Restate the following records word for word without images.

*** Opening of DATA SECTION ***

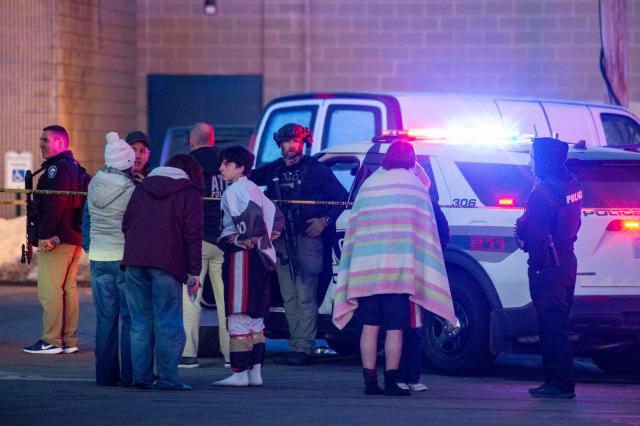 People stand outside a police perimeter they created around the Dennis M. Lynch Arena where a shooting occurred earlier today in Pawtucket, Rhode Island, on February 16, 2026. At least two people were killed and three wounded in a shooting at an ice rink in the northeastern US town of Pawtucket on Monday, authorities said, with social media footage showing frightened teenagers fleeing the sound of gunshots. "We have three deceased. The suspect, and then we have two victims, and then we have three at the hospital," said Pawtucket police chief Tina Goncalves told reporters after the incident. She added that initial investigations suggested the shooting was targeted and "may be a family dispute." (Photo by Joseph Prezioso / AFP)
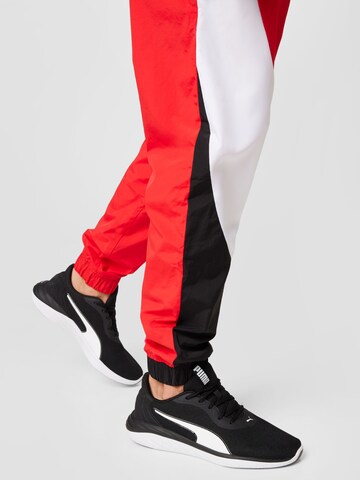 Effilé Pantalon de sport 'Clyde' PUMA en rouge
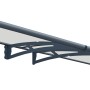 Palram Canopia Aquila 4.5 x 0.9 Vordach in Anthrazit mit klarer Acrylglas-Eindeckung.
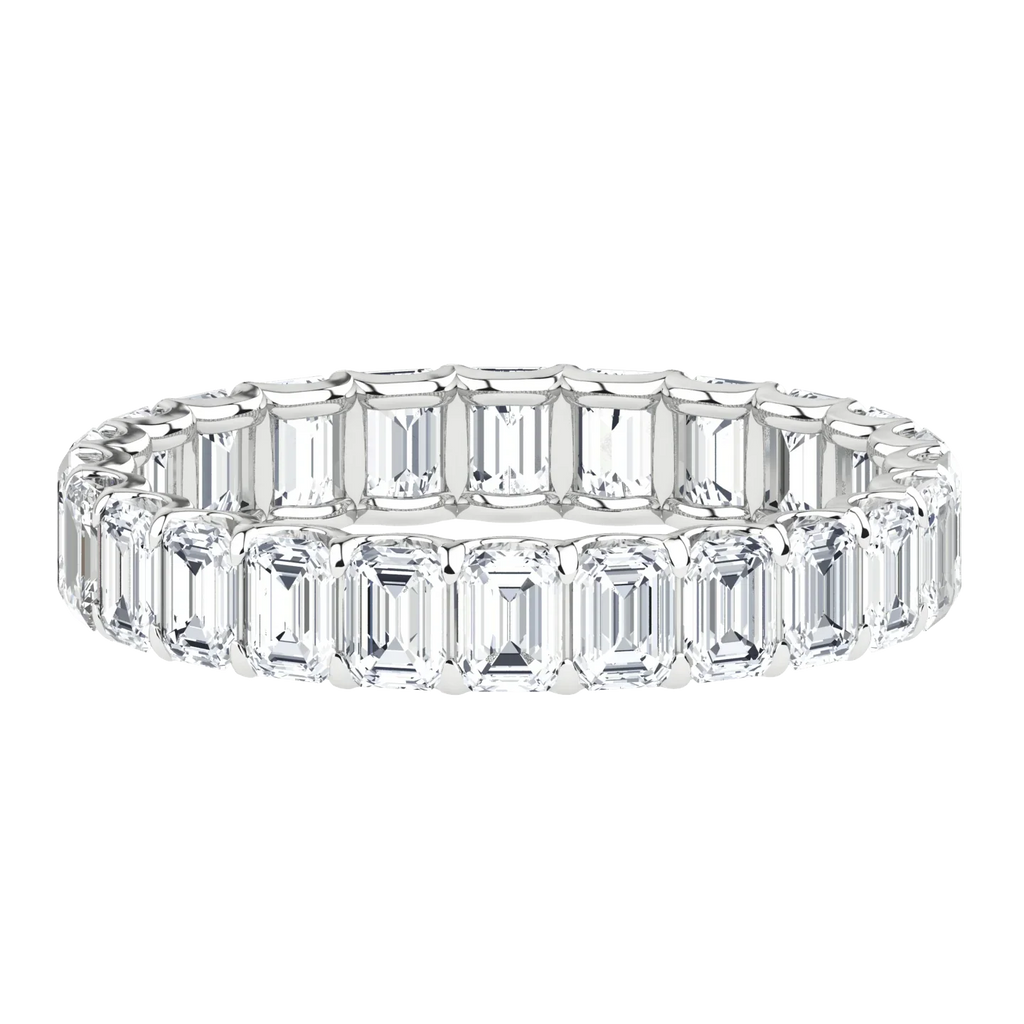 Emerald cut lab-grown diamond eternity band in white gold on black background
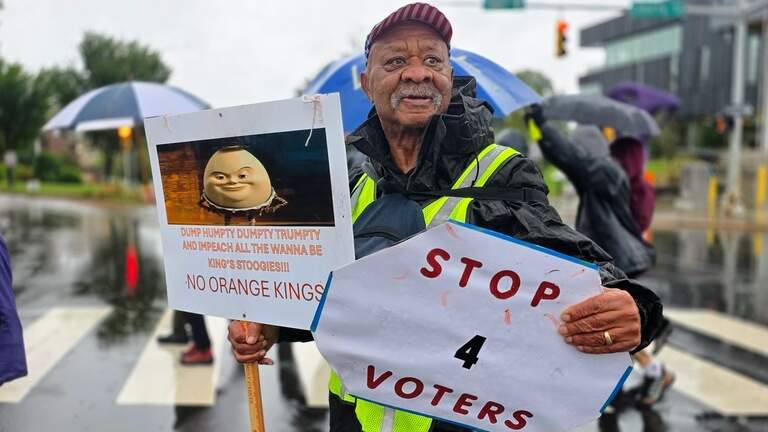 Despite rain, No Kings protesters march to early voting sites across NC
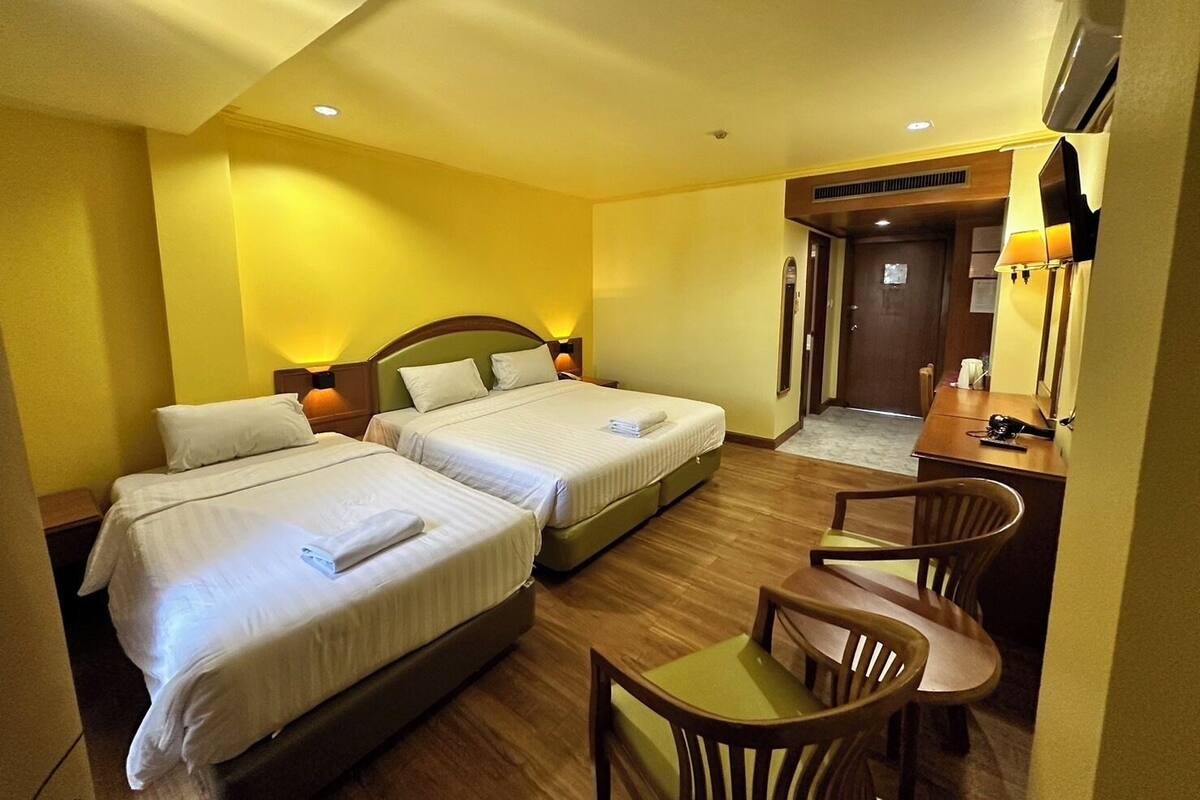 Family Triple Room, 1 Bedroom | Minibar, desk, free WiFi, bed sheets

*** Close of DATA SECTION ***

*FINISHED TASK*.
 People stand outside a police perimeter they created around the Dennis M. Lynch Arena where a shooting occurred earlier today in Pawtucket, Rhode Island, on February 16, 2026. At least two people were killed and three wounded in a shooting at an ice rink in the northeastern US town of Pawtucket on Monday, authorities said, with social media footage showing frightened teenagers fleeing the sound of gunshots. "We have three deceased. The suspect, and then we have two victims, and then we have three at the hospital," said Pawtucket police chief Tina Goncalves told reporters after the incident. She added that initial investigations suggested the shooting was targeted and "may be a family dispute." (Photo by Joseph Prezioso / AFP)
 Effilé Pantalon de sport 'Clyde' PUMA en rouge
 Palram Canopia Aquila 4.5 x 0.9 Vordach in Anthrazit mit klarer Acrylglas-Eindeckung.
 Emerald cut lab-grown diamond eternity band in white gold on black background
 Despite rain, No Kings protesters march to early voting sites across NC
 Family Triple Room, 1 Bedroom | Minibar, desk, free WiFi, bed sheets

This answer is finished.